If you are using this engine with a control box make sure you are adjusted properly and do not run again until it is adjusted properly. The shift adjustment is critical to clutch dog life. You may have experienced a clutch dog slipping due to this.


----------



## DaleH (Jul 31, 2015)

Not sure what hull you ran it on, but I checked a motor of that year and HP on 2 basic Lund skiffs, using the Turning Point Propeller prop calculator ... for a load of 2 people, 6-gallons fuel and 50-pounds of extra gear and I got propellers higher in pitch.


----------



## miketheknife (Jul 31, 2015)

Pappy, I marked the prop before I took I out and it didn't move. This a tiller motor and it was still in gear after the event. I will check the Prop shaft. I will also check the shift adjustment.
DaleH, the boat is a 1968 Rich Line Guides Choice 15'-8" 235# with 6gal gas, 2 tm batteries, 2 people and about 200# additional weight.
I have done a bit of reading on 25hp since I got this one and the prop seemed a bit lightly pitched.
Mike


----------



## Pappy (Jul 31, 2015)

On the wires coming out of the pack to the coils is there a tan lead there as well?
If so you may be limiting to around the 2500RPM area. Sure it is pumping and cooling?
The fact that it slowed so quickly as to force the shaft out of the water concerns me followed by 
your comment that it idled poorly at first then straightened out. 
Do yourself a favor and check compression again for peace of mind. 

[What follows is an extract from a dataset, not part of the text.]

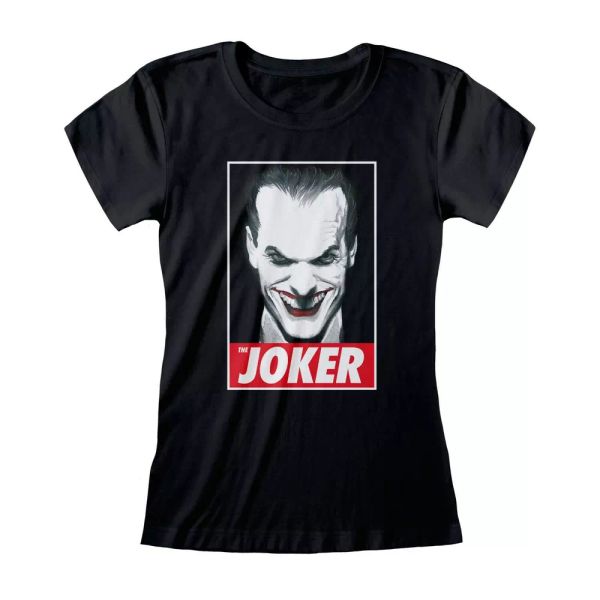 

ladies dc batman the joker licensed women ladies t-shirt, White;black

A couple of months ago I had a brand new OEM impeller in my new to me 1957 Johnson 35hp and the first time out it spun the hub in the impeller and 
toasted the powerhead to the point I have to rebuild it. I verified it was pumping before I hit the throttle and 300 yards later......poof.


----------



## miketheknife (Jul 31, 2015)

Pappy, there was water coming out of the the tell tale on the lower engine cover before and after the event. Can the thermostat cause over heating? I will check for the tan wire on the power pack tomorrow. Also will recheck the compression.
I ordered a 10.5x11 prop today to replace the 11x9. Could not find that the 11x9 was recommended for the 25.
Thanks for your input.
Mike


----------



## ADIBOO (Aug 1, 2015)

I think the thermostat allows water to enter the engine water jackets. So if the thermostat is stuck closed, the impeller will still be flowing water up the case, but none will actually flow through the engine.


----------



## Pappy (Aug 1, 2015)

ADIBOO said:


> I think the thermostat allows water to enter the engine water jackets. So if the thermostat is stuck closed, the impeller will still be flowing water up the case, but none will actually flow through the engine.



And you would be incorrect on that statement.


----------



## miketheknife (Aug 1, 2015)

Pappy, there was a tan wire from the power pack. It connected to a temperature switch in the cylinder head cover. The service manual says to disconnect the bullet connector and remove the switch. Unfortunately the switch will not clear the head cover and I broke the wire. Switch on my order list.
Here is a pic of this mornings barrel test.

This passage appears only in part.